Re: [PATCH] blk-mq: set BLK_MQ_S_STOPPED first to avoid unexpected queue work

From: Bart Van Assche
Date: Wed Jun 29 2022 - 14:23:41 EST


On 6/28/22 22:18, Liu Song wrote:
From: Liu Song <liusong@xxxxxxxxxxxxxxxxx>

In "__blk_mq_delay_run_hw_queue", BLK_MQ_S_STOPPED is checked first,
and then queue work, but in "blk_mq_stop_hw_queue", execute cancel
work first and then set BLK_MQ_S_STOPPED, so there is a risk of
queue work after setting BLK_MQ_S_STOPPED, which can be solved by
adjusting the order.

Signed-off-by: Liu Song <liusong@xxxxxxxxxxxxxxxxx>
---
block/blk-mq.c | 4 ++--
1 file changed, 2 insertions(+), 2 deletions(-)

diff --git a/block/blk-mq.c b/block/blk-mq.c
index 93d9d60..865915e 100644
--- a/block/blk-mq.c
+++ b/block/blk-mq.c
@@ -2258,9 +2258,9 @@ bool blk_mq_queue_stopped(struct request_queue *q)
*/
void blk_mq_stop_hw_queue(struct blk_mq_hw_ctx *hctx)
{
- cancel_delayed_work(&hctx->run_work);
-
set_bit(BLK_MQ_S_STOPPED, &hctx->state);
+
+ cancel_delayed_work(&hctx->run_work);
}
EXPORT_SYMBOL(blk_mq_stop_hw_queue);

What made you come up with this patch? Source code reading or something
else? Please mention this in the patch description.

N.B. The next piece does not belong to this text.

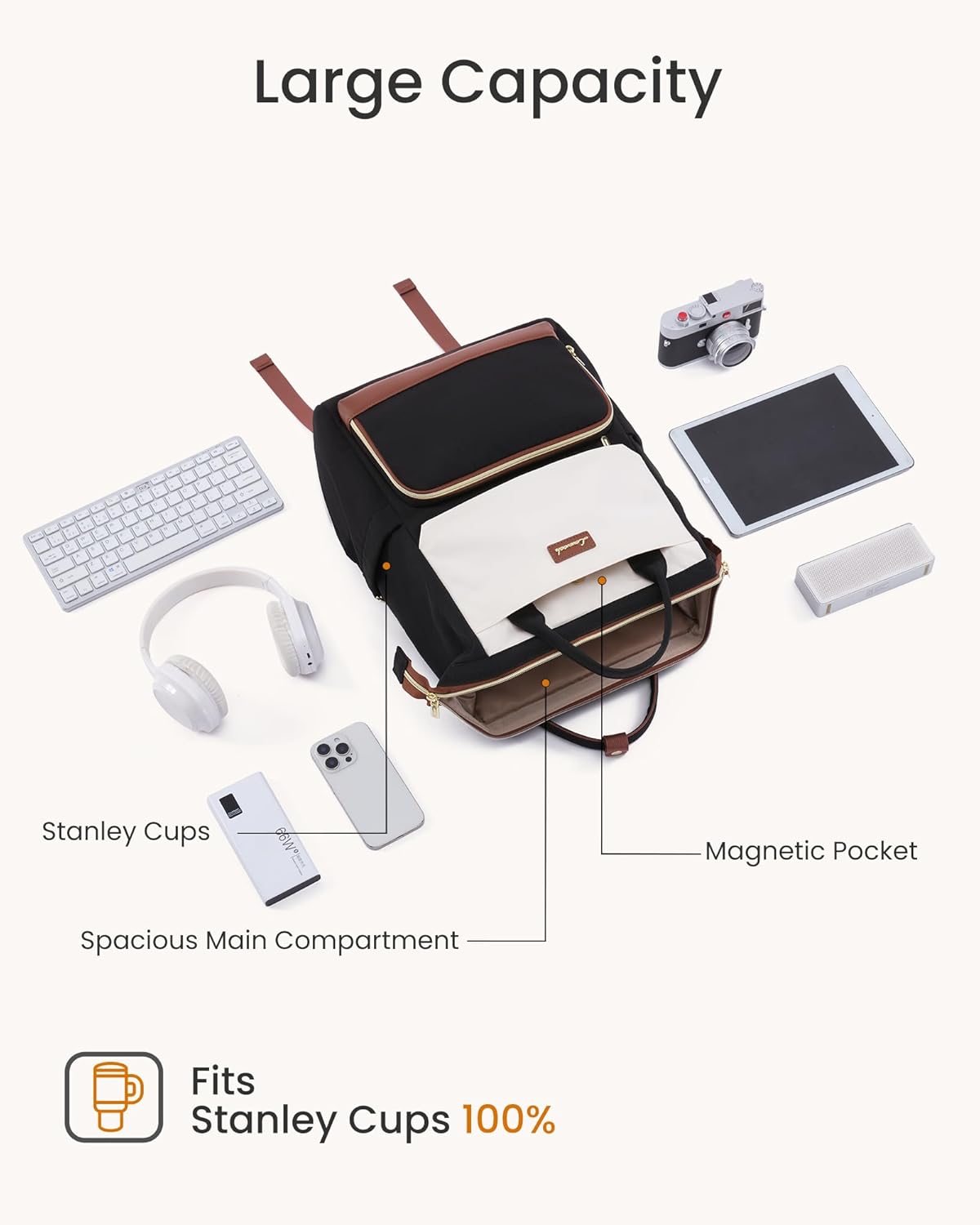 Cute Casual Laptop Backpack. 15.6 17.3. 5000 - Image 6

Regarding the above patch, I don't think this patch fixes the existing
race between blk_mq_stop_hw_queue() and __blk_mq_delay_run_hw_queue(),
not even if cancel_delayed_work_sync() would be used.

The comment block above blk_mq_stop_hw_queue() clearly mentions that it
is not guaranteed that this function stops dispatching of requests
immediately. So why bother about fixing the existing race conditions that
do not affect what is guaranteed by blk_mq_stop_hw_queue()?

Thanks,

Bart.